The size and doors depends on your equipment you use to put in the barn. Doors need to be placed for ease of entrance and utilized for cross ventilation in the summer. One door makes it hot as **** in August. Safety on high you can go with the round bales. 

I have a Hoelscher Accumulator on my JD 348. This is a copy of an email from Darrel Hoelscher concerning me building a barn:

*John:*

*Basically, the packages of bales are 6' wide. On the bottom layer, it works good to allow for a 6"-8" gap between packages. So, if you calculate 6'6" per package, your bays can be 13', 19.5', 26', 32.5', 39', etc. This gives you an idea of the size, but in reality, it's not that critical. You may want room to walk beside the stack, or other needs. I would suggest at least 16' height clearance (or higher if practical) depending on the lift height of your loader, or any loader you may buy in the future.*

*The reason for the 6"-8" gap on the bottom layer, is so that as you go up, you will tighten the gap a little on each layer. By the time you get to the top layer, the bales will be tight together. This makes a good solid stack.*

*Let me know if you need anything else.*

*Darrel*

Hope this helps.


----------



## brandenburgcattle42 (Sep 6, 2012)

Thanks it should be over 200 foot from the house and 100 foot from any of my other buildings. I thought about pulling luver style doors on the back or the north side.to let good air flow in the summer and shut them in the winter. And leave south doors open.


----------



## brandenburgcattle42 (Sep 6, 2012)

Oh and we also use the same grapple as you. We have skid steer and a large loader tractor.


----------



## gradyjohn (Jul 17, 2012)

The loader tractor would be your key. I might add ... look ahead. I build a shop and based it on what I had ... IH450 tractor. When I got a JD4440 w/cab I had to modify. We have a JD6310 for the squares. Barn has one 12x12 garage type door on the north. Tracks parrell the roof pitch. That way it is out of the way. Two 25' bays open on the south. We could use another one on the north. We could go higher with the squares if we had a loader that went higher. I have a JD4450 with a Koyker 645 but it is MFWD and is like a bull in a chinia closet in the hay barn.


----------



## brandenburgcattle42 (Sep 6, 2012)

Oh and we also use the same grapple as you. We have skid steer and a large loader tractor.


----------



## hay wilson in TX (Jan 28, 2009)

*Wishfull thinking.*

Build with at least 17 ft clearance That way you can put squares in the barn using a Self Propelled Bale Wagon and pull hay with a grab to load trucks, trailers, & wagons. Better yet would be using a squeeze, but that may be more that you want to invest. (A Squeeze is way out of my price range.) With a squeeze you can pick up a block of hay rather than a tier of hay.
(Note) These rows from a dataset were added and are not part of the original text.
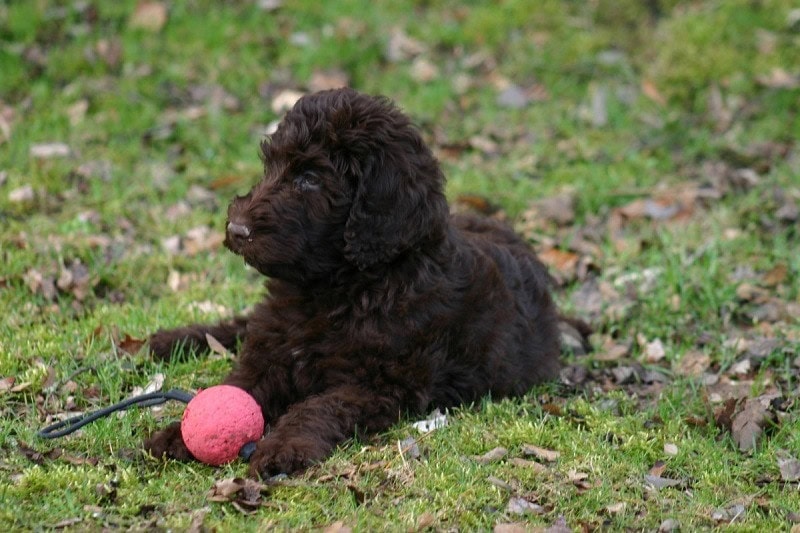 Irish Water Spaniel
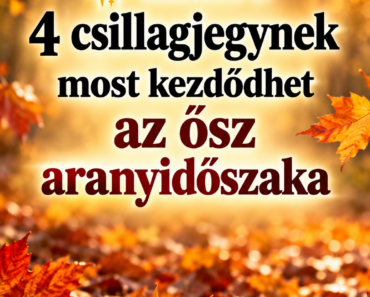 ✨ Ennek a 4 csillagjegynek most kezdődhet az ősz aranyidőszaka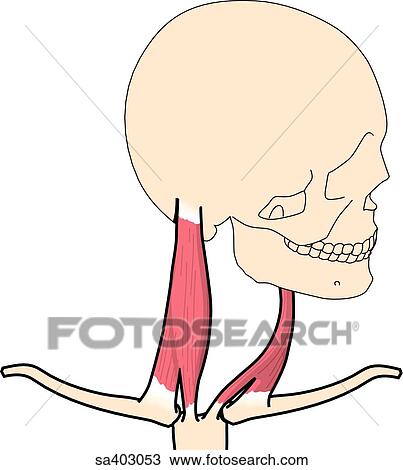 Drawing - Anterior view of skull and neck muscles rotated to its left.. Fotosearch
How big? Are overhangs and cupolas a good idea for better ventilation? 
At least 40 ft wide clear span. 
About 100 ft long, any where from 150 ft to 60 ft.
Overhangs designed to allow water to drain away from the building.
Use gable roof design and leave the ends open for the ventilation. 
A cupola looks nice but adds to the complexity of construction.
Side walls. I noticed that the old wooden sided barns eventually had cracks between the boards. The cracks allowed for air circulation and not enough rain or light to do much if any harm. So for siding use vertical steel panels with a half inch gap to start with. That will take care of the air circulation.

No end doors. If you need to keep people out maybe a gate but no doors.
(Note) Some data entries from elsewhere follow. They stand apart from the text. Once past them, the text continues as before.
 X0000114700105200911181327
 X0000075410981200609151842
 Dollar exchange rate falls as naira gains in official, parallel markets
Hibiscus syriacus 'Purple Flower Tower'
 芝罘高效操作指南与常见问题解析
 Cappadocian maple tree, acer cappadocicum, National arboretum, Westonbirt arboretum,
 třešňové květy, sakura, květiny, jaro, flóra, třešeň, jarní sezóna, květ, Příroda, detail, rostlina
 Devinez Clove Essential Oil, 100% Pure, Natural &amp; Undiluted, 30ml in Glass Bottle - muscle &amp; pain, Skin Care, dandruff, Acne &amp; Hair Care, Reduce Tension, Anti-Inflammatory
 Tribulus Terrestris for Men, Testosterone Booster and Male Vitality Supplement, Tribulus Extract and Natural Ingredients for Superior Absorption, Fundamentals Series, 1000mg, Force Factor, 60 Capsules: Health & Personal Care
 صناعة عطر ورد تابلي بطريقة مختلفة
If you are considering RB in the barn have them on one end and stack the squares on the other end.

Plan on putting a good lighting system in the barn. Sure makes stacking easier at night.


----------



## jdhayboy (Aug 20, 2010)

40 ft. X 125 ft. Lien to I just stack 3 high on round sides. 4x5s using 100 ft of length and going only 9 rows out to 36 ft instead of 40ft is around 500 rounds. If u stacked ur bales on edge using the the 120 ft going out to 36 ft with bales and stacked 3 high that Wud be 360 rounds of 5x6s. 







Just finished this one this last week to match other. Both barns face each other.

Our barns are 50 ft X 125 ft. And if filled all the way to door with squares stacked with NH stack wagon will hold around 9000. Thats just machine stacked 4 wide no higher.


----------



## NCSteveH (Jun 30, 2009)

one word of advice is to figure out exactly what you need and then double it. You are doing rounds now but the future may hold large squares for you even if you don't see it.


----------



## brandenburgcattle42 (Sep 6, 2012)

Ya I am still playing with ideas cause I wanna have room to expand even if I don't. Too much shed space is never a problem.


----------



## urednecku (Oct 18, 2010)

brandenburgcattle42 said:


> Ya I am still playing with ideas cause I wanna have room to expand even if I don't._ Too much shed space_ is never a problem.


Don't think there is such a thing. At least, not for long.


----------



## Bob M (Feb 11, 2012)

I put roll up curtains on our new hay shed 92' by 120' 21 foot high. the curtains allow for great ventilation and acessiblity. We do get bleaching on the outside bales. One gable end totally closed and one gable end doored, Both sides curtain. Curtain system was $12,500 installed.


----------